● Activity
Find the line containing "1. Aspetti generali". Retype it and every later line of the records exactly, leaving out pictures.
######
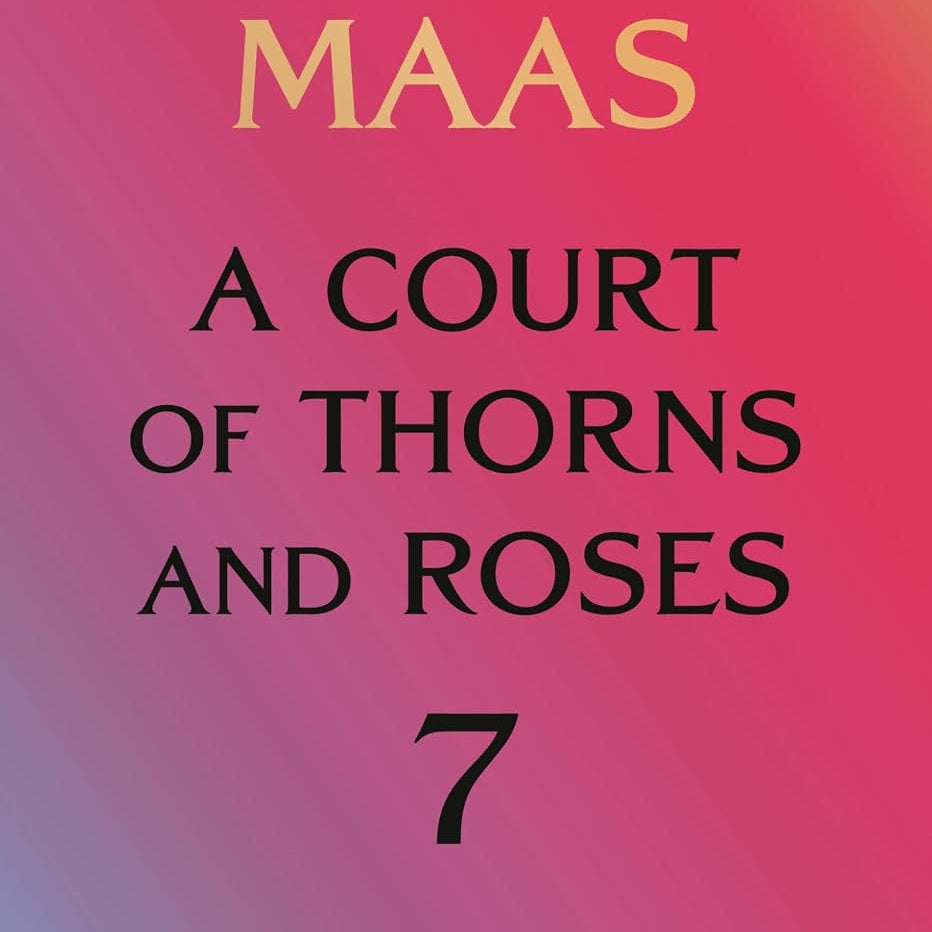 Pre-Order (Available 01/12/27) A Court of Thorns and Roses 7 by Maas. Sarah J. 20 9798260200568
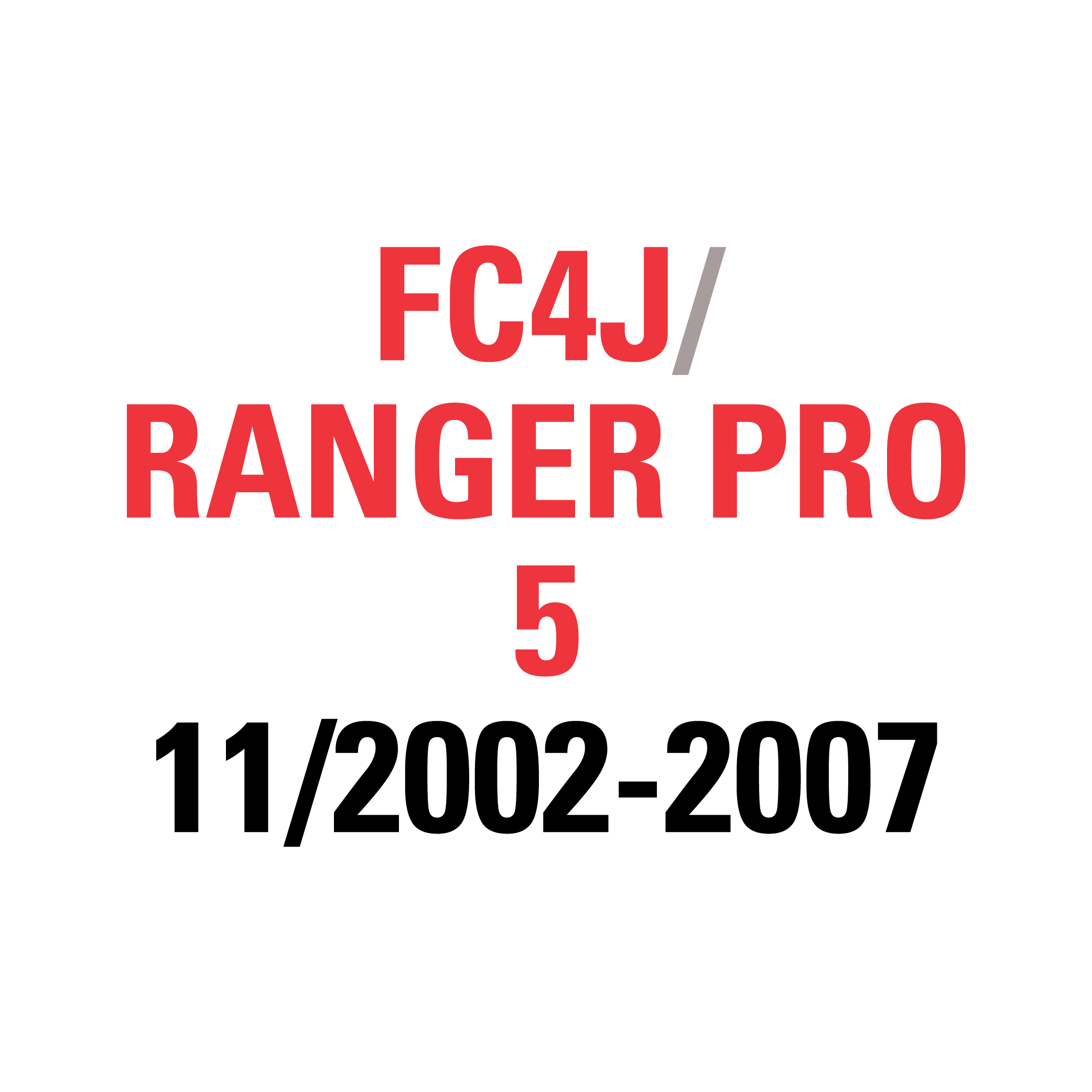 FC4J RANGER PRO 5 11/2002-2008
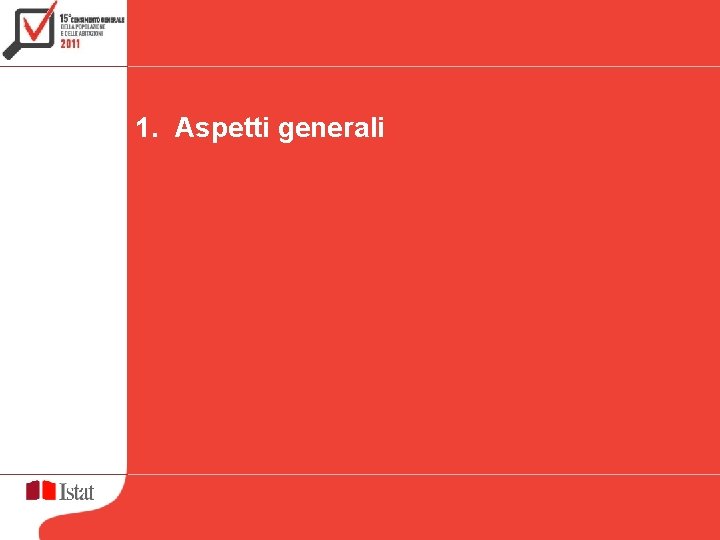 1. Aspetti generali 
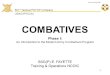 As of 25MAR08 As of 15JUL08 1 COMBATIVES SSG(P) E. FAYETTE Training & Operations NCOIC Phase I: An Introduction to the Modern Army Combatives Program 361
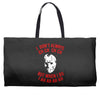 i don't always ch ch ch Weekender Totes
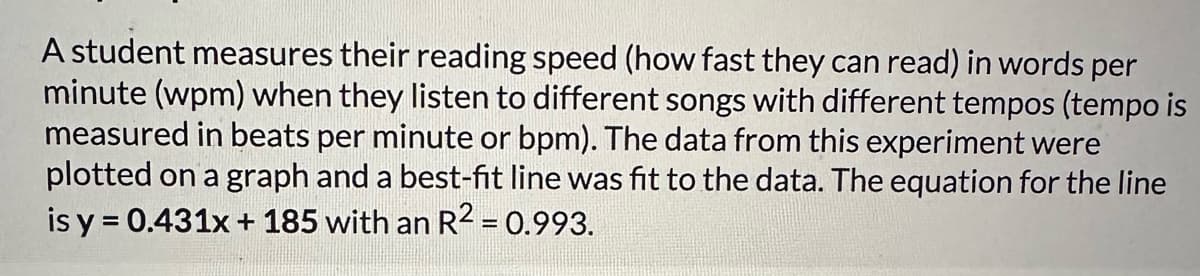 A student measures their reading speed (how fast they can read) in words per
minute (wpm) when they listen to different songs with different tempos (tempo is
measured in beats per minute or bpm). The data from this experiment were
plotted on a graph and a best-fit line was fit to the data. The equation for the line
is y = 0.431x + 185 with an R² = 0.993.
######
● Expected output
 1. Aspetti generali 
 As of 25MAR08 As of 15JUL08 1 COMBATIVES SSG(P) E. FAYETTE Training & Operations NCOIC Phase I: An Introduction to the Modern Army Combatives Program 361
 i don't always ch ch ch Weekender Totes
 A student measures their reading speed (how fast they can read) in words per
minute (wpm) when they listen to different songs with different tempos (tempo is
measured in beats per minute or bpm). The data from this experiment were
plotted on a graph and a best-fit line was fit to the data. The equation for the line
is y = 0.431x + 185 with an R² = 0.993.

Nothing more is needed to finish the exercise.